Login • Lupa Password | Daftar segera dan nikmati pemasangan iklan baris secara gratis! |
Tulisan ini diilhami oleh kekurangnyamanan masyarakat Kota Medan dan beberapa kota lainnya di Sumatera Utara. Satu hari (18-8-2022) setelah rakyat berpesta ria merayakan HUT ke-77 Kemerdekaan Republik Indonesia, hampir semua jalan di Kota Medan digenangi air (baca: banjir), sehingga aktivitas masyarakat sangat terganggung. Tidak terhitung kendaraan roda dua termasuk roda empat terjebak banjir sehingga harus didorong.

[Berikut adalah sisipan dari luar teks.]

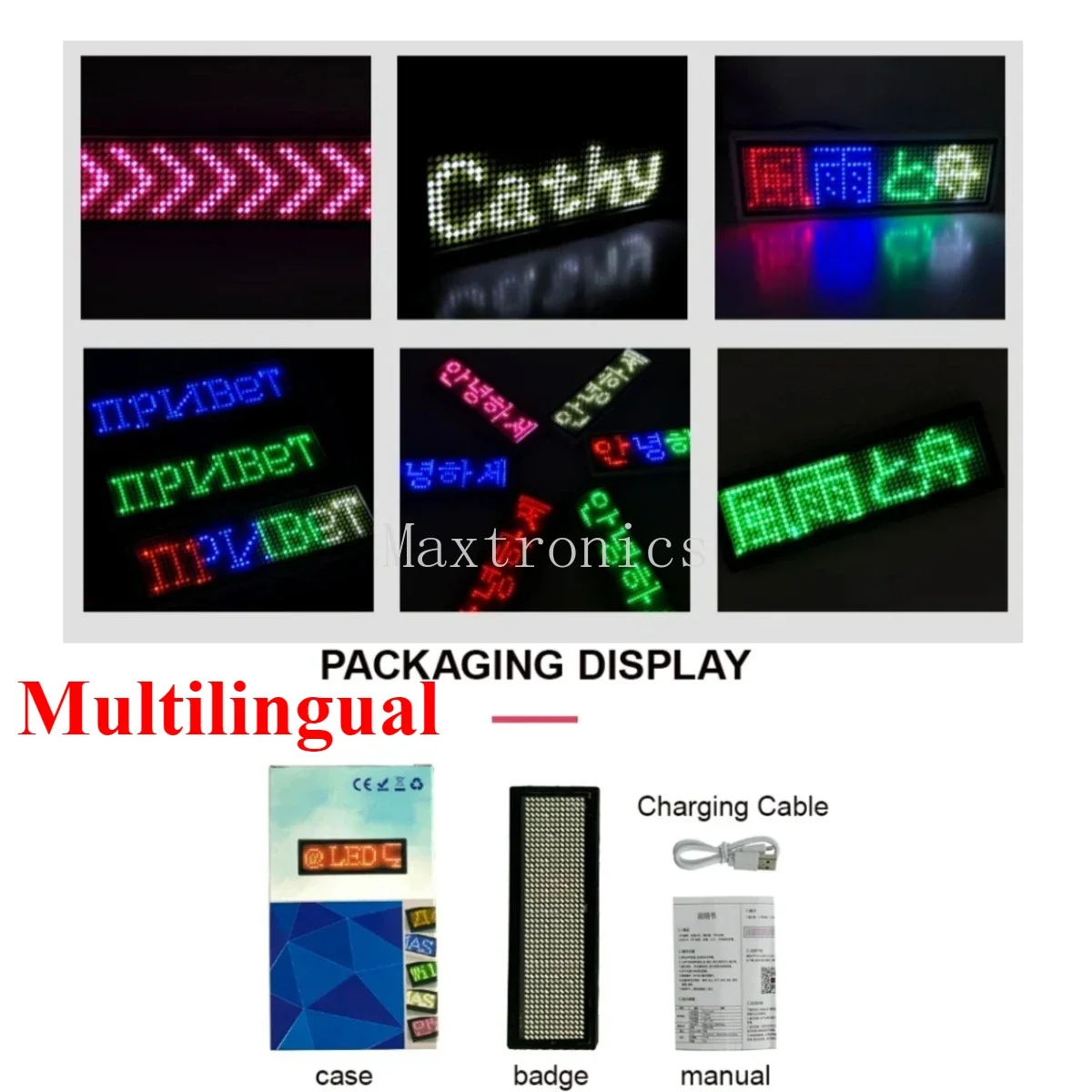 NEUES Bluetooth-LED-Namensschild, digitales LED-Tag, wiederaufladbar, DIY, programmierbare Scroll-Nachricht, 15 Anzeigetäle, Abzeichenmodule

Koran Harian Analisa yang biasanya sekitar pukul 08.00 sudah diantar ke rumah di daerah Padang Bulan, Medan ternyata tidak kunjung tiba. Lopernya mengiformasikan bahwa dia terjebak banjir yang cukup besar di beberapa ruas jalan. Saya pun hanya dapat bergumam, “Ini Medan Bung!” sembari teringat tulisan, “Medan Berkah” dan Medan Tanpa Banjir)” pada spanduk kampanye wali kota terpilih tahun 2019 yang lalu. Medan, Tanjungmorawa, Binjai Dilanda Banjir demikian salah satu headline Harian Analisa (19/8/2022).
Perilaku Masyarakat
Tidak dapat dimungkiri bahwa salah satu masalah utama di kota besar adalah kebersihan lingkungan. Kota Medan yang dihuni oleh masyarakat multietnis memiliki pola hidup yang cukup beragam. Cukup banyak masyarakat yang memiliki kepedulian pada lingkungan, namun tidak sedikit juga yang bersikap masa bodoh terhadap kebersihan. Tidaklah terlalu mengherankan bermunculan tulisan tentang larangan membuang sampah yang bernada kutukan.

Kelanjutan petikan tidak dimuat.